I'm sure the poor recording doesn't help. But, as I said, this is a fine performance and I'd have been very pleased to experience it in the opera house. It's certainly better than any _Traviata_ I've heard recently from the Met.


----------



## ALT (Mar 1, 2021)

nina foresti said:


> Is that some kind of joke?


No, not at all.


----------



## ALT (Mar 1, 2021)

Woodduck said:


> I wasn't going to mention Callas, particularly since some people here feel she gets too much attention. But now that you've brought her up I'll say that Callas had an infallible sense of the classical line, and the ability to find her expression inside it without an overlay of expressive "effects" that might compromise its tensile strength. She also had a range of coloristic possibilities in her timbre few singers have, and she knew how to draw on them. Studer is excellent but not Callas's equal in either of the above respects; she's vocally solid and dramatically apt here, but I'm oddly unmoved, whereas Callas can create a specific emotion for me with just a few notes. Studer's voice always sounds a little anonymous to me, and for all the many things she did well, she Kraus are both singers I respect more than love.
> 
> I'm sure the poor recording doesn't help. But, as I said, this is a fine performance and I'd have been very pleased to experience it in the opera house. It's certainly better than any _Traviata_ I've heard recently from the Met.


We all hear differently, of course. But I can certainly identify Studer's voice into a mere two notes of her singing anything. By the way, as I can, too, Callas'. So anonymity in relation to Studer's voice just does not apply to me. In any case, I am glad you also think this was a better Traviata than anything we've heard from the Met stage in recent times. For me, that lapse spans 30 years, and counting. Cheers.


----------



## ALT (Mar 1, 2021)

Adding Studer and Kraus' "Amami, Alfredo!", from Act II.


----------



## Seattleoperafan (Mar 24, 2013)

Woodduck said:


> Studer and Kraus were excellent singers and fine artists and they show their stuff here. It was a good night at the Met. Too bad the sound isn't better; Studer's voice sounds shallow and metallic. I wouldn't agree that she was a spinto-dramatic - a strong lyric would be more like it - but Violetta doesn't require that. Her characterization was probably quite effective in the theater, but purely as a listener I think she works a little too hard at times, externalizing Violetta's emotions and physical debility in a way that strikes me as slightly melodramatic. Kraus sounds like a well-preserved senior citizen, which he was; I never much liked his rather dry timbre to begin with, but that's my issue.

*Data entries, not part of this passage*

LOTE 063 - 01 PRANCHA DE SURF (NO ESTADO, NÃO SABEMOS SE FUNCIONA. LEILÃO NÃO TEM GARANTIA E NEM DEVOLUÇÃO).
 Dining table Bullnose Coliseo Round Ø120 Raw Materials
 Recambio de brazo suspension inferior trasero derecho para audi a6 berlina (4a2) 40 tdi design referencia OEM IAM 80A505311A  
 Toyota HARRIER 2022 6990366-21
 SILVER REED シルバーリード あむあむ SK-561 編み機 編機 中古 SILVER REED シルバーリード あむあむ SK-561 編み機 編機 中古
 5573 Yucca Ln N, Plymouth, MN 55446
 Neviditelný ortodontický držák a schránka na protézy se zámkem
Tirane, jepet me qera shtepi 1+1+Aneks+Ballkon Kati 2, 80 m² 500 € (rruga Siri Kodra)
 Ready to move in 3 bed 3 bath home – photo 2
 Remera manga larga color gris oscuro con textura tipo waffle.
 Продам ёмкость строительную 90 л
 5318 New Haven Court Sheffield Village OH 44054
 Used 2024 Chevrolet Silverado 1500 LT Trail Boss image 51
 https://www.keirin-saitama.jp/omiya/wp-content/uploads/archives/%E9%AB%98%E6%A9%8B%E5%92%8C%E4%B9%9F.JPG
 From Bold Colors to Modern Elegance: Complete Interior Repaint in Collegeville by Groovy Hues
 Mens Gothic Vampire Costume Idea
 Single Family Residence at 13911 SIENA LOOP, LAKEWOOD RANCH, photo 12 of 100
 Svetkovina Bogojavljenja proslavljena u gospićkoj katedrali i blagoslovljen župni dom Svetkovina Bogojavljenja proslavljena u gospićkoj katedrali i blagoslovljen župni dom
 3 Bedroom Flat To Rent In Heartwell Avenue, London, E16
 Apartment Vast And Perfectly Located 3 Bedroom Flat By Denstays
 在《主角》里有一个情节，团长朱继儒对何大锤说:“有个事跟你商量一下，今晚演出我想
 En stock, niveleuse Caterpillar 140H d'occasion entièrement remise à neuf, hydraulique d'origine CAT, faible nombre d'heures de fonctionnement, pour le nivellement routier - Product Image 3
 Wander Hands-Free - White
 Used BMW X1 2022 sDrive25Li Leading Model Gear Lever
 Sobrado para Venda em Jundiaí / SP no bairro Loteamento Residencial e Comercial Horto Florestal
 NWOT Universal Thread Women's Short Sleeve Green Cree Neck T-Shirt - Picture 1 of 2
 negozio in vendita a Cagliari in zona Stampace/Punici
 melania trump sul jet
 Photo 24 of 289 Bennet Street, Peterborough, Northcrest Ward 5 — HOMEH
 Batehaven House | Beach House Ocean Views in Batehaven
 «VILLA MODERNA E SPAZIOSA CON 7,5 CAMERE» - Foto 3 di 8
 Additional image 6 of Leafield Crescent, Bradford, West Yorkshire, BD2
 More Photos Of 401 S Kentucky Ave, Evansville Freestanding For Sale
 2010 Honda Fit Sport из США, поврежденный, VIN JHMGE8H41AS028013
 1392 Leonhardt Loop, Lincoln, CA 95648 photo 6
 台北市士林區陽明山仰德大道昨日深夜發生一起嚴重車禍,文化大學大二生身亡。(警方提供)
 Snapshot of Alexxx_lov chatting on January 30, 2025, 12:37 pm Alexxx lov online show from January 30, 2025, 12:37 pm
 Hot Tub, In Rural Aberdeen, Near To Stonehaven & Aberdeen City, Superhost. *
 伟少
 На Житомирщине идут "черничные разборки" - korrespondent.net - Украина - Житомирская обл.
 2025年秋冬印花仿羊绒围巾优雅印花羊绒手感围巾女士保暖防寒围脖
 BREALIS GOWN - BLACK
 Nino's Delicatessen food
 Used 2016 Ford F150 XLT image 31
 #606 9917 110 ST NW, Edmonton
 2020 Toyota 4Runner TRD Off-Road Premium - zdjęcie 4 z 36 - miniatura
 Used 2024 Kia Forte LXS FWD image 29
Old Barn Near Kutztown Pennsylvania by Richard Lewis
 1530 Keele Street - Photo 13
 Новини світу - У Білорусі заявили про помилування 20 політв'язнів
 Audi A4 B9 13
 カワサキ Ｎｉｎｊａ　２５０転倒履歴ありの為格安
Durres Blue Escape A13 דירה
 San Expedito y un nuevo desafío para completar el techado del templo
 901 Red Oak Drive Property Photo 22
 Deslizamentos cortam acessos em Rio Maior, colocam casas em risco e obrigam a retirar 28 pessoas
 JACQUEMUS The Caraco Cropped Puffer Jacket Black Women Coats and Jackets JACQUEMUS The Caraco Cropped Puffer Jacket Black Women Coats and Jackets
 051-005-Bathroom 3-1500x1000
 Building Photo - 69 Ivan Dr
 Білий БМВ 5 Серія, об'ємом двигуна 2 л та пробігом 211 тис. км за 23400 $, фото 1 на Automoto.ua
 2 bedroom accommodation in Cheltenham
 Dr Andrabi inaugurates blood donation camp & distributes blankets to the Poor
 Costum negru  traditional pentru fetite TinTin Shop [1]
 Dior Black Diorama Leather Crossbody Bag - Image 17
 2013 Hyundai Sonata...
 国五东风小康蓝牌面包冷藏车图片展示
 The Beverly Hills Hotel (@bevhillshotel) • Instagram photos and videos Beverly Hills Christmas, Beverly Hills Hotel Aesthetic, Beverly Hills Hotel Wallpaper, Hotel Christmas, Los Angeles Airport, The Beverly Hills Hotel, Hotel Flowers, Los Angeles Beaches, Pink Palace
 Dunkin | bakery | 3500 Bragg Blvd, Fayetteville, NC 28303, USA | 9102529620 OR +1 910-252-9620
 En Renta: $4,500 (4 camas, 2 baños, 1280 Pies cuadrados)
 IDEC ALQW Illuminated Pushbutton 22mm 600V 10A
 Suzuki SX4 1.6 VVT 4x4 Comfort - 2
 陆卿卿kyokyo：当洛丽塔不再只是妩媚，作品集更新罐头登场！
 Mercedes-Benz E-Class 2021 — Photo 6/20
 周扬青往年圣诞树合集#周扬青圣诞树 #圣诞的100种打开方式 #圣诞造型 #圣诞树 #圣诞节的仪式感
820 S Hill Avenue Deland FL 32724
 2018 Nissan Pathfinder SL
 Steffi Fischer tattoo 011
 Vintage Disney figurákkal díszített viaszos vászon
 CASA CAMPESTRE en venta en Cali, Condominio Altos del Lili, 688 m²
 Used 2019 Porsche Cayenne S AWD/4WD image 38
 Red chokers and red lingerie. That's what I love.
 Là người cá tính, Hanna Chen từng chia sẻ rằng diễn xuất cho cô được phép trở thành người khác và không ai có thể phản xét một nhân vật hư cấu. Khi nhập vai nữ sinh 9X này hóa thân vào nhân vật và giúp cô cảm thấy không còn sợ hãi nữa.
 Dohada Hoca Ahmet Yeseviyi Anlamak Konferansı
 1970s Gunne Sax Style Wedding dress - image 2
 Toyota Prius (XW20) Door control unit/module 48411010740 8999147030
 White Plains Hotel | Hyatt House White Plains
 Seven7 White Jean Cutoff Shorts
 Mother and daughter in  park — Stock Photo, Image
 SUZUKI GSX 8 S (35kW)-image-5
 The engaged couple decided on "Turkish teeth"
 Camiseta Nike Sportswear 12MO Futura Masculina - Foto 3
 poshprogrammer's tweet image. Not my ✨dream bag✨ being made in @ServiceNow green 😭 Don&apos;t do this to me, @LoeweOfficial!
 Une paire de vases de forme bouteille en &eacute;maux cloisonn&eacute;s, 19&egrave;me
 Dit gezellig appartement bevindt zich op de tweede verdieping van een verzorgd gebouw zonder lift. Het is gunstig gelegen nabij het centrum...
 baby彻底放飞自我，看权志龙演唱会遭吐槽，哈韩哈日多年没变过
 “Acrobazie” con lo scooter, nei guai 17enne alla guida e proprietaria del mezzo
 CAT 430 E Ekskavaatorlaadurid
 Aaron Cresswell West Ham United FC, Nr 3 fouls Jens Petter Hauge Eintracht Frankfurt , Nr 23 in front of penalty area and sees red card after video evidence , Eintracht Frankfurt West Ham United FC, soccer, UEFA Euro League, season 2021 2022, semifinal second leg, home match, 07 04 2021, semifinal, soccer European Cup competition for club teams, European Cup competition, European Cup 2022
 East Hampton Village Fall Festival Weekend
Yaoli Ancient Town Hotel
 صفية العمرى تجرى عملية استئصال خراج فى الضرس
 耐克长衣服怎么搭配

I enjoyed her very much live. I think she is a fine singer, but I agree with a statement of yours: she often tries too hard. She very much has an American spirit to her singing: both good and bad. I think she was a large lyric but because she had fine resonators in her mask and great vocal placement was able to project that voice well over an orchestra. She had a quality you seem to value: during her peak years she had a youthful sounding voice, which was particularly effective in Salome, Sieglinde and Elsa. She was good at coloratura, but no equal to Callas or Sutherland. I do very much enjoy her singing the killer aria from Attila on the DVD.


----------



## ALT (Mar 1, 2021)

Seattleoperafan said:


> I enjoyed her very much live. I think she is a fine singer, but I agree with a statement of yours: she often tries too hard. She very much has an American spirit to her singing: both good and bad. I think she was a large lyric but because she had fine resonators in her mask and great vocal placement was able to project that voice well over an orchestra. She had a quality you seem to value: during her peak years she had a youthful sounding voice, which was particularly effective in Salome, Sieglinde and Elsa. She was good at coloratura, but no equal to Callas or Sutherland. I do very much enjoy her singing the killer aria from Attila on the DVD.


Interesting, this "trying too hard" thing. Could you please be more explicit because I don't quite hear, let alone understand, what you mean? How is her Violetta "trying too hard" relative to other exponents? Callas naturally comes to mind. Or do we hold separate standards so that what comes across to some listeners as trying too hard for some singers is defined differently for other singers who try just as hard.


----------



## Seattleoperafan (Mar 24, 2013)

ALT said:


> Interesting, this "trying too hard" thing. Could you please be more explicit because I don't quite hear, let alone understand, what you mean? How is her Violetta "trying too hard" relative to other exponents? Callas naturally comes to mind. Or do we hold separate standards so that what comes across to some listeners as trying too hard for some singers is defined differently for other singers who try just as hard.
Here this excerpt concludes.